DIRECTIONS
Return the data that follows exactly as it appears. Pictures do not belong in the copy.

AVAILABLE DATA
******************************
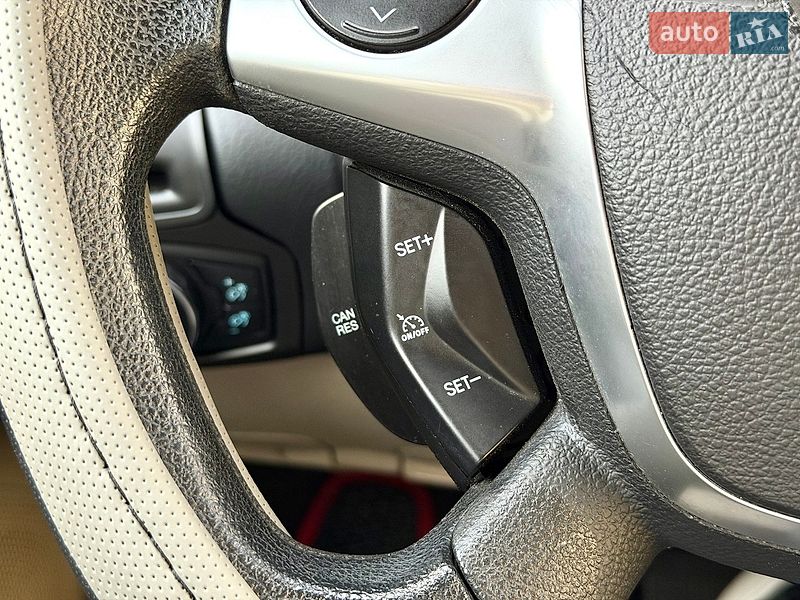 Хэтчбек Ford Focus 2014 в Харькове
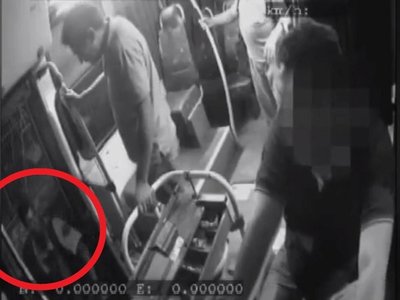 Derramó agua caliente a chofer porque no le paró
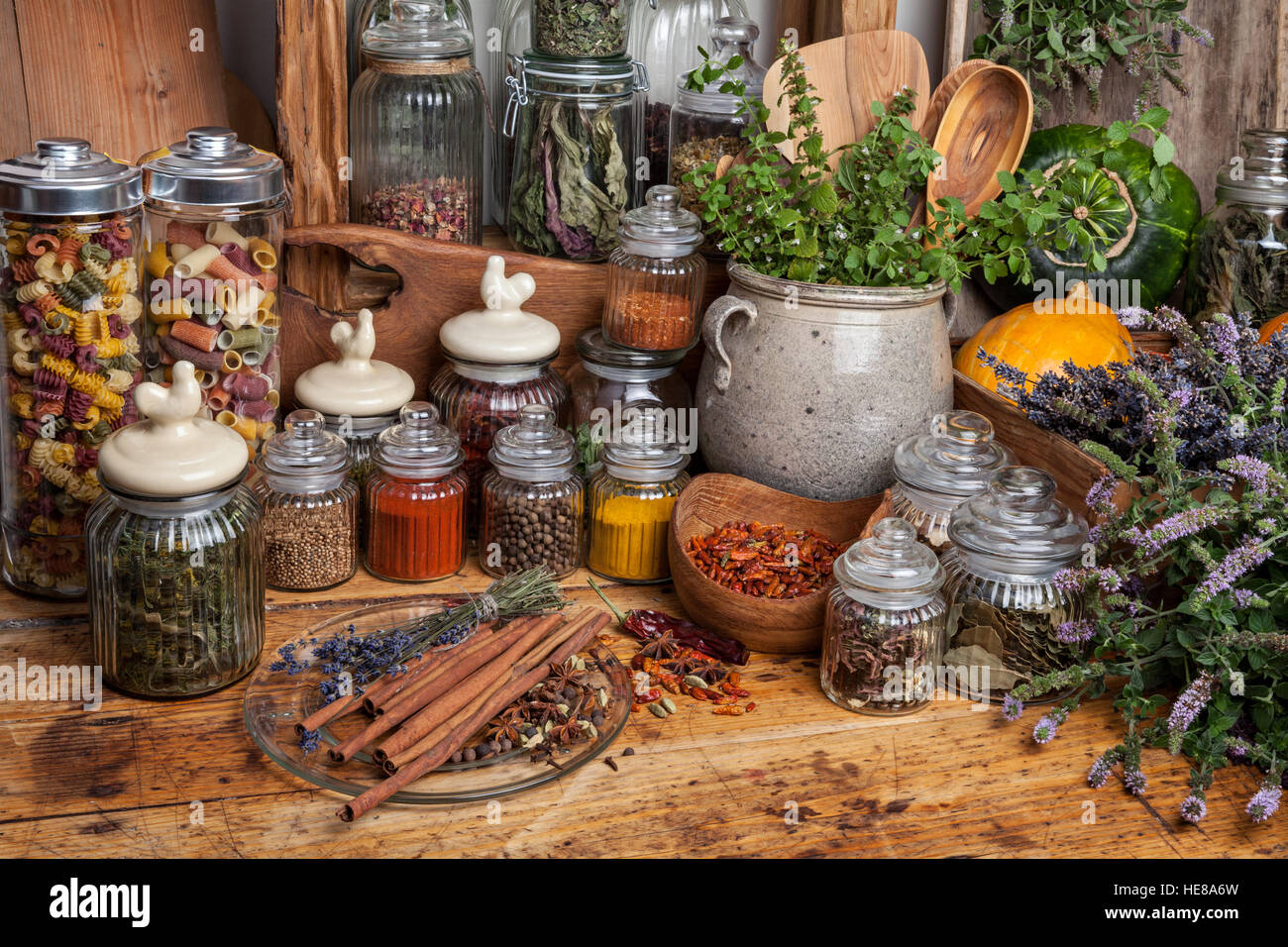 Le erbe aromatiche essiccate e le spezie Foto Stock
******************************
SOLVED PROBLEM
 Хэтчбек Ford Focus 2014 в Харькове
 Derramó agua caliente a chofer porque no le paró
 Le erbe aromatiche essiccate e le spezie Foto Stock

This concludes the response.